The band is named for a particular mountain ridge in the county where the five members of Balsam Range grew up. “We’re Haywood County folks,” says vocalist and guitarist Caleb Smith. “We all live in the Canton district of the county, where the paper mill is. Two of the guys were actually born in a county neighboring us, but they’ve been here the majority of their lives.”
Balsam Range features Marc Pruett on banjo, Buddy Melton on fiddle and vocals, Tim Surrett on upright bass, and Darren Nicholson on mandolin, along with Smith. The acclaimed bluegrass quintet now averages 150 shows a year, from Maine to Oregon. “Everybody does their thing, and we all get along,” Smith says. “A lot of it has to do with us all being from the same area, growing up around the same stuff. We’re all used to the same things, we all think the same things are funny, so we get along great, travel well together. Do get tired of each other after about six or seven days in a row,” he laughs.
“There are so many cool things around us, whether it’s a place or an event or whatever, that make for really good songs. We sing a lot about things that happen around here.”
To Smith it’s about building an identity. “When somebody hears the first four bars of a song on the radio, and they know exactly who you are, that’s what I want. That’s what we all want.”
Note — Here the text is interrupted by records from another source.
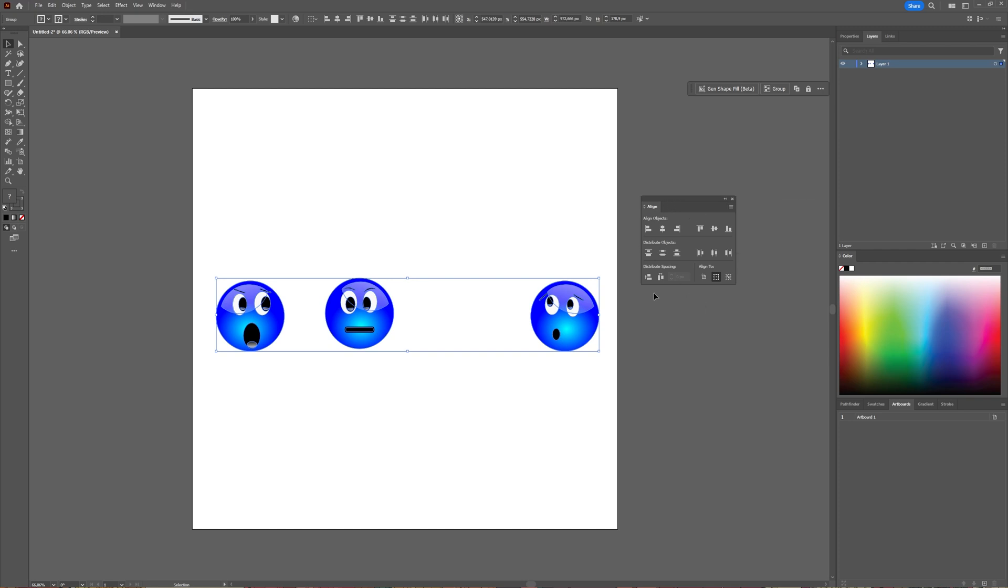Then here, instead of choosing Align to Selection, you can choose to Align Key Object and Illustrator will automatically choose one object to align to. You can change it or you can leave it like this, and then the distribute spacing option.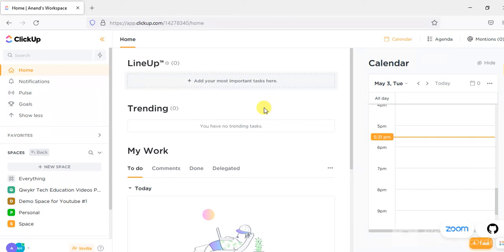Let us get started with a simple example for starters. I'm going to show you here an example project and its various features. This includes such things as how tasks can be created for a project, how to assign a task to a specific assignee, how to add a due date, etc.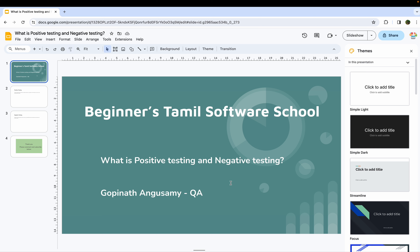Welcome back to Beginner's Thamin Software School. In this class, we will learn about Equivalence Partitioning and Boundary Value Analysis.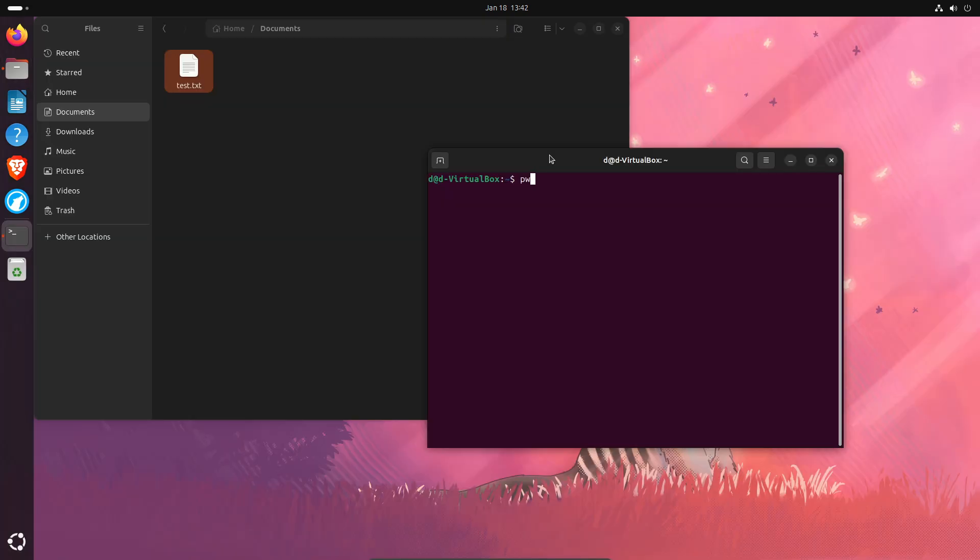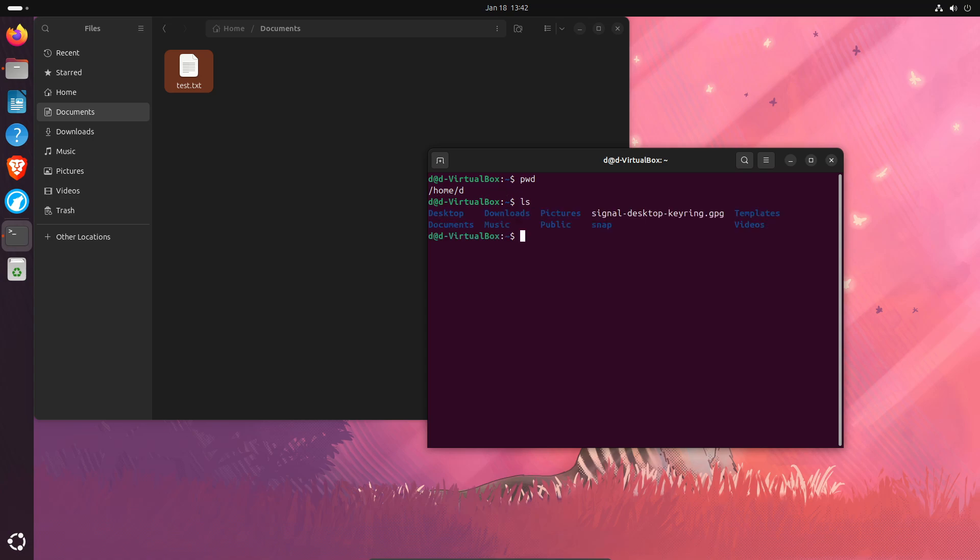PWD print working directory lets you know where you're currently located. We're just in the home directory. We're going to list LS, which directories we have available. And we're in documents and we can see documents listed right here.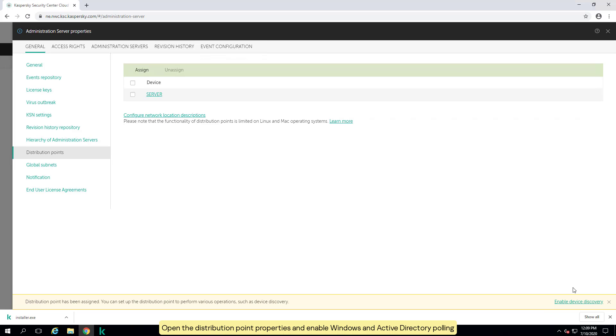Open the distribution point properties and enable Windows and Active Directory polling.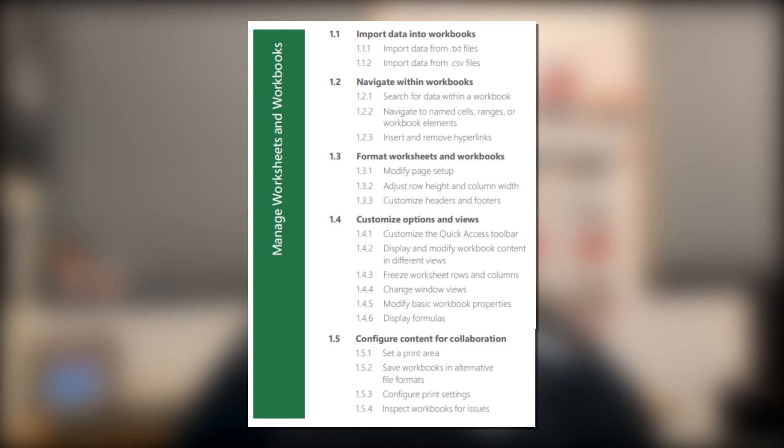Hello YouTube, I hope you're having a fantastic day. In today's video, I want to talk about the Excel 2019 exam and we're looking at the first subdomain called Manage Worksheets and Workbooks. Overall, this accommodates for 10 to 15% of the overall exam. I'll go ahead and throw up a graphic so you can see what we're going to be covering today.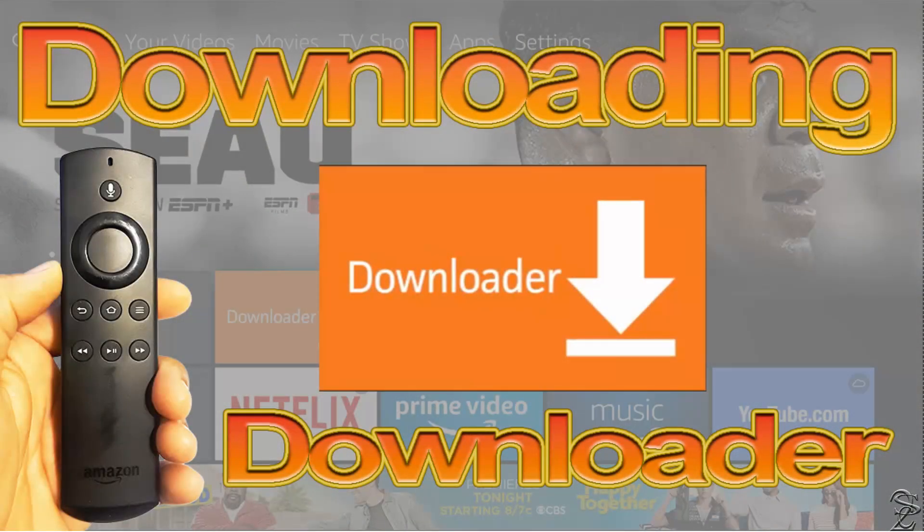Hi, this is Jay Lewis, once more with two shortcuts. This time with downloading Downloader.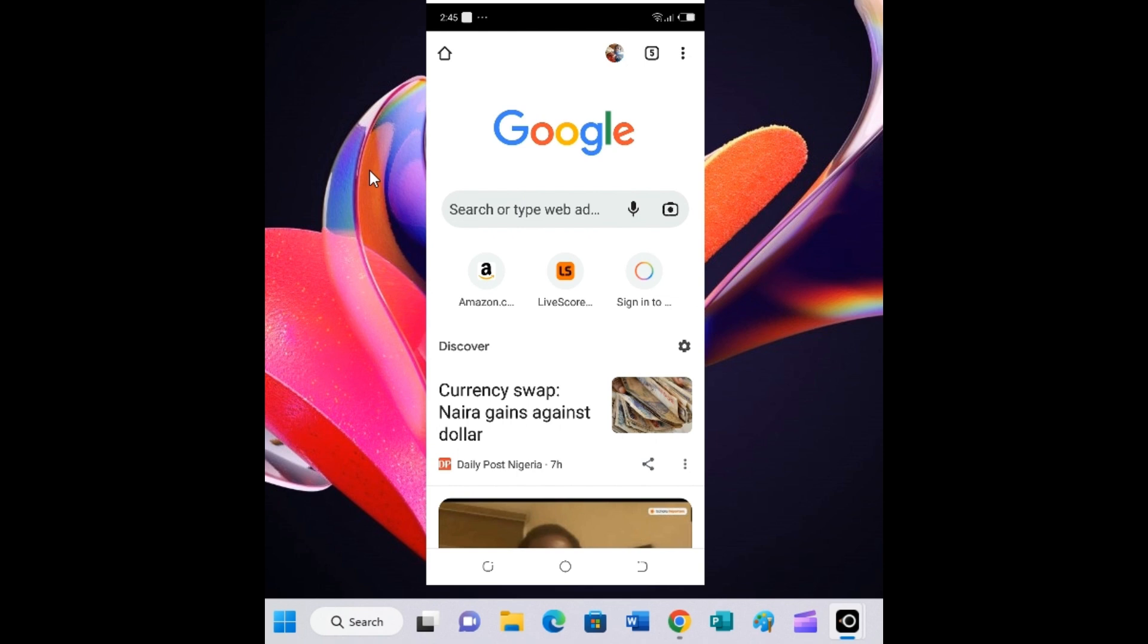The next step is to visit the Messenger website. Don't use the Messenger app installed on your smartphone, whether iPhone or Android. You're going to visit the Messenger website, which is messenger.com.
The band feeds off the talent and good musical vibes in this area. “There’s so much energy in the music, so much rhythm,” Smith says. “I think a lot of that goes back to the dance part of the heritage. The people who were playing music for the flat-footers and the cloggers 100 years ago had to be energetic. I think that energy is here, and has pushed into us as well. Folks ask us why our singing is so much different. I think that where we’re from, the way that we talk, the way that we phrase, that carries over to our singing too. And that makes us stand apart.”
Smith grew up in an atmosphere that fostered music. “My dad’s a guitar player, a Doc Watson/Merle Travis finger style guy. Both my granddads play guitar. I’ve got uncles that play guitar. So when I was coming up I didn’t want to play the guitar — there were too many guitar players in my family already. So I started playing banjo and mandolin when I was 12.